Write out precisely the lines beginning with the line that contains "Image No.15-6 Bed House for sale" and ending with the last line of the entries, and no other lines.

*** GIVEN INFORMATION Section Begins ***

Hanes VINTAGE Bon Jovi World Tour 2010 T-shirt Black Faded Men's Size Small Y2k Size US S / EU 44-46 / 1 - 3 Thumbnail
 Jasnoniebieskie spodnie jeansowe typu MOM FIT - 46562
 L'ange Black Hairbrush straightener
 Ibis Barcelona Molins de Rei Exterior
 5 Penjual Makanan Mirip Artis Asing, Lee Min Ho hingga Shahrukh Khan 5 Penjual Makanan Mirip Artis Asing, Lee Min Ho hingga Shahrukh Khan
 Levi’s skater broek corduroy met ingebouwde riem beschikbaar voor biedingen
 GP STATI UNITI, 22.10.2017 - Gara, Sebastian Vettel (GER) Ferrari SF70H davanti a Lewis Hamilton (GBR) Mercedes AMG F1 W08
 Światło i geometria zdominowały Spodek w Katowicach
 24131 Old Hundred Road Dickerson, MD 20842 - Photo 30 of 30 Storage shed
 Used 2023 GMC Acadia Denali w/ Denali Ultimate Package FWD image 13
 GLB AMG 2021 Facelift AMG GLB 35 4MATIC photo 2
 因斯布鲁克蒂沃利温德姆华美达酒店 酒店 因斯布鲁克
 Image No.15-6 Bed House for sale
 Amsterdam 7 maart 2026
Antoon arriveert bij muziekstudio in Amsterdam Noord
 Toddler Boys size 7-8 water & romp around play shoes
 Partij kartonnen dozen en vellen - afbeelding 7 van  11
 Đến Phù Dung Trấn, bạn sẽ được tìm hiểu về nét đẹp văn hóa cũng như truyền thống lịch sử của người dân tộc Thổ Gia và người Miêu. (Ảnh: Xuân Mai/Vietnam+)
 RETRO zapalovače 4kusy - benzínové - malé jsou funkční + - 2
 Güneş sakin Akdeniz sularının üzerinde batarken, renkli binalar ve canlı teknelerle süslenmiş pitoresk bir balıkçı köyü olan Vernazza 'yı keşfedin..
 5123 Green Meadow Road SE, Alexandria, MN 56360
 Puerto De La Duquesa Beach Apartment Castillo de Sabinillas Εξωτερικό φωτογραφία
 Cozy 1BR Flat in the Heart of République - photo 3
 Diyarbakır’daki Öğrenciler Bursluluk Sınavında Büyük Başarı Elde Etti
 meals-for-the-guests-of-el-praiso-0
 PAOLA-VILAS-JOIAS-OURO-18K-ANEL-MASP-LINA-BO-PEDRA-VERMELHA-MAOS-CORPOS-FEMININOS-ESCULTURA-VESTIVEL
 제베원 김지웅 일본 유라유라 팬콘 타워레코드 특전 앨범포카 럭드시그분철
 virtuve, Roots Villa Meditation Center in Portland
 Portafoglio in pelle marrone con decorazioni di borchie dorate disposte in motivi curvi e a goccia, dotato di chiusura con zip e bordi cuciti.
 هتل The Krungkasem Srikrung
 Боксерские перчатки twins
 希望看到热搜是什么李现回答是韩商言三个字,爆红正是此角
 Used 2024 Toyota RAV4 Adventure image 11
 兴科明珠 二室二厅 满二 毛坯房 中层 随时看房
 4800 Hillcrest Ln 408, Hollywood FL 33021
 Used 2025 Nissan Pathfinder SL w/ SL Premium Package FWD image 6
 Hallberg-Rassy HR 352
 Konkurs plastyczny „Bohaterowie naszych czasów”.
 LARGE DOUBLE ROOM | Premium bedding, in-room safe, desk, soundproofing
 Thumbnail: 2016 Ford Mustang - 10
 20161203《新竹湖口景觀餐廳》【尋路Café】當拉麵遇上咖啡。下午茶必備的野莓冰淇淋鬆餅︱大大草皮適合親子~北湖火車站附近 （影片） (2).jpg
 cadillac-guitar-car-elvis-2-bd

*** GIVEN INFORMATION Section Ends ***

_ANSWER BELOW_.
 Image No.15-6 Bed House for sale
 Amsterdam 7 maart 2026
Antoon arriveert bij muziekstudio in Amsterdam Noord
 Toddler Boys size 7-8 water & romp around play shoes
 Partij kartonnen dozen en vellen - afbeelding 7 van  11
 Đến Phù Dung Trấn, bạn sẽ được tìm hiểu về nét đẹp văn hóa cũng như truyền thống lịch sử của người dân tộc Thổ Gia và người Miêu. (Ảnh: Xuân Mai/Vietnam+)
 RETRO zapalovače 4kusy - benzínové - malé jsou funkční + - 2
 Güneş sakin Akdeniz sularının üzerinde batarken, renkli binalar ve canlı teknelerle süslenmiş pitoresk bir balıkçı köyü olan Vernazza 'yı keşfedin..
 5123 Green Meadow Road SE, Alexandria, MN 56360
 Puerto De La Duquesa Beach Apartment Castillo de Sabinillas Εξωτερικό φωτογραφία
 Cozy 1BR Flat in the Heart of République - photo 3
 Diyarbakır’daki Öğrenciler Bursluluk Sınavında Büyük Başarı Elde Etti
 meals-for-the-guests-of-el-praiso-0
 PAOLA-VILAS-JOIAS-OURO-18K-ANEL-MASP-LINA-BO-PEDRA-VERMELHA-MAOS-CORPOS-FEMININOS-ESCULTURA-VESTIVEL
 제베원 김지웅 일본 유라유라 팬콘 타워레코드 특전 앨범포카 럭드시그분철
 virtuve, Roots Villa Meditation Center in Portland
 Portafoglio in pelle marrone con decorazioni di borchie dorate disposte in motivi curvi e a goccia, dotato di chiusura con zip e bordi cuciti.
 هتل The Krungkasem Srikrung
 Боксерские перчатки twins
 希望看到热搜是什么李现回答是韩商言三个字,爆红正是此角
 Used 2024 Toyota RAV4 Adventure image 11
 兴科明珠 二室二厅 满二 毛坯房 中层 随时看房
 4800 Hillcrest Ln 408, Hollywood FL 33021
 Used 2025 Nissan Pathfinder SL w/ SL Premium Package FWD image 6
 Hallberg-Rassy HR 352
 Konkurs plastyczny „Bohaterowie naszych czasów”.
 LARGE DOUBLE ROOM | Premium bedding, in-room safe, desk, soundproofing
 Thumbnail: 2016 Ford Mustang - 10
 20161203《新竹湖口景觀餐廳》【尋路Café】當拉麵遇上咖啡。下午茶必備的野莓冰淇淋鬆餅︱大大草皮適合親子~北湖火車站附近 （影片） (2).jpg
 cadillac-guitar-car-elvis-2-bd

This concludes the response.